Friday 26 April 2024

Cumulative density of binomial distributions

Not really a math article but more like a diary here, something to share related to estimating binomial distributions.

How would you approach CLT in a stat 101 course? It came up when a friend of mine was prepping the  coming semester. I still prefer the probabilistic approach. That is, from Chebyshev inequality to laws of large numbers(LLN) then to central limit theorem. Counter opinion says that there is a gap between LLN and CLT: LLN says nothing about how the distribution looks like but CLT says the distribution looks normal. You don't see the reason behind until you start looking into the proof that uses moments...and you don't do that in a 101 course.

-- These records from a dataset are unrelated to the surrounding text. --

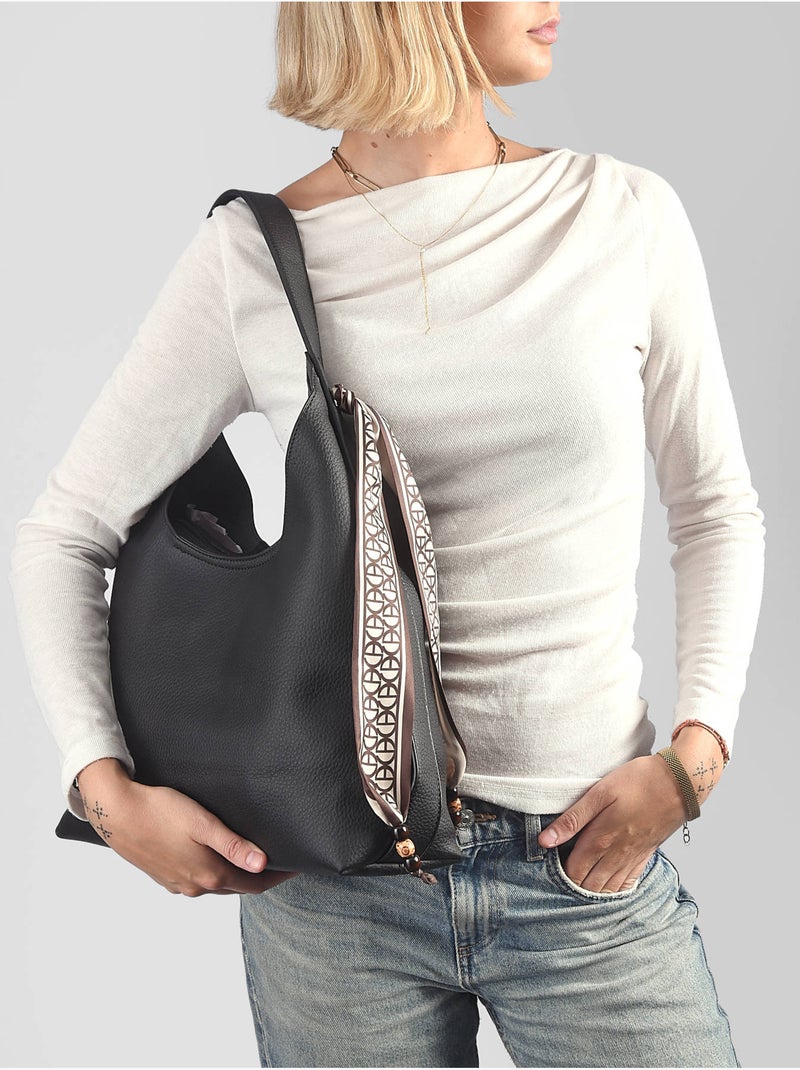 Sac porté épaule new grained gallantry toile enduite Noir - Kiabi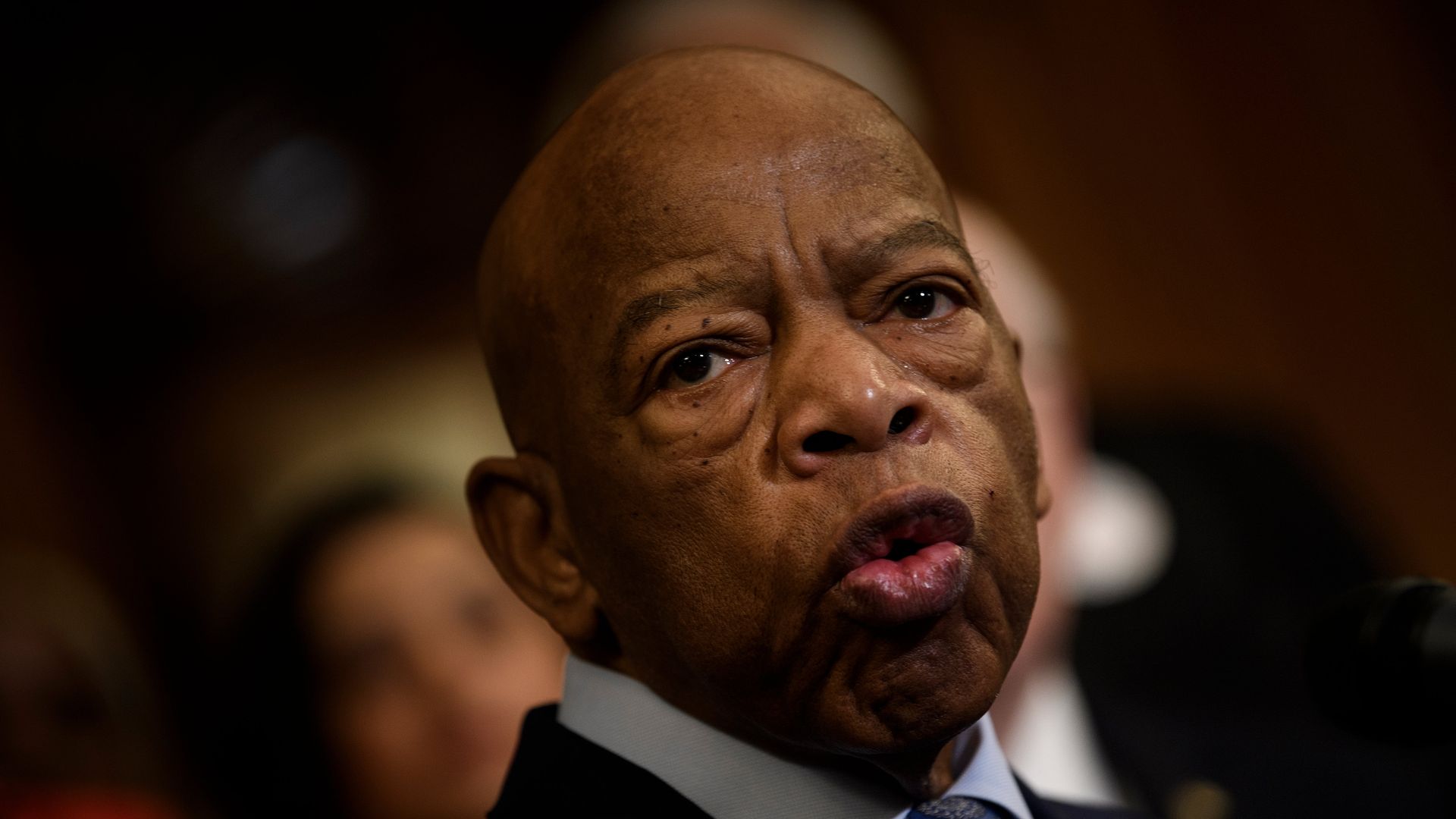 Rep. John Lewis (D-GA) speaks during a press conference about voting rights on Capitol Hill December 6, 2019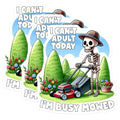 (3 Pack) Funny Skeleton Decals - Lawn Mowing Decal - Cant Adult Today Decals - 3 Inches On Longest Side - Easy Peel & Apply - Made in USA - 3MCS6221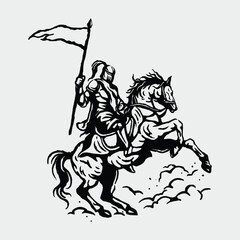 A proud medieval knight carries a flag while riding a horse, symbolizing victory and honor in a classic bold design.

Instead the other common approach is to demonstrate via binomial distribution making use of its simple additivity (the other great example being Poisson as it's easily additive as well). Using Stirling's approximation you can also observe the tail shrinking like the normal density. Although Stirling's approximation could also be too hard for a 101 course?...I don't know.

But my encounter with binomial distributions does not stop here. I recently helped another friend of mine up to a task related to cumulative density of some binomial distributions. More precisely I am looking for $P_k = P(X_k \geq n-k)$ where $X_k \sim B(n,f(k,p))$, then I am looking into properties of the series $(P_k)$. It turns out that despite a varying probability parameter, $P_k$ looks really similar across $k$ which poses me great difficulty when I try to estimate them.

The first thing that comes to my mind is to use those traditional bound. But soon you realize that bounds like Chernoff bound does not work very well out of the mean. Berry Esseen bounds the error to the order of $O((npq)^{-1/2})$. Worse is that this bound is tight in the sense that the output of binomial distributions are integers, corresponds to a jump in multiples of $\sqrt{npq}$ so this is the best such estimate can do. 

The error in the estimation can easily be seen in numerical examples. Suppose we flip 6 fair coins and we want to know the chance of getting 4 or above heads. The answer is surely 22/64 or about 0.344, but what if we try to estimate by normal distribution? $B(6,0.5)$ looks like $X \sim Z(3,1.5)$, and $P(X \geq 4) \approx P(Z \geq 0.816) \approx 0.207$, but this is far from our precise answer. It turns out that you should take 3.5 instead of 4, assuming that the chance of getting 4 heads is about $P(3.5 < Z < 4.5)$ instead of $P(4 < Z < 5)$. 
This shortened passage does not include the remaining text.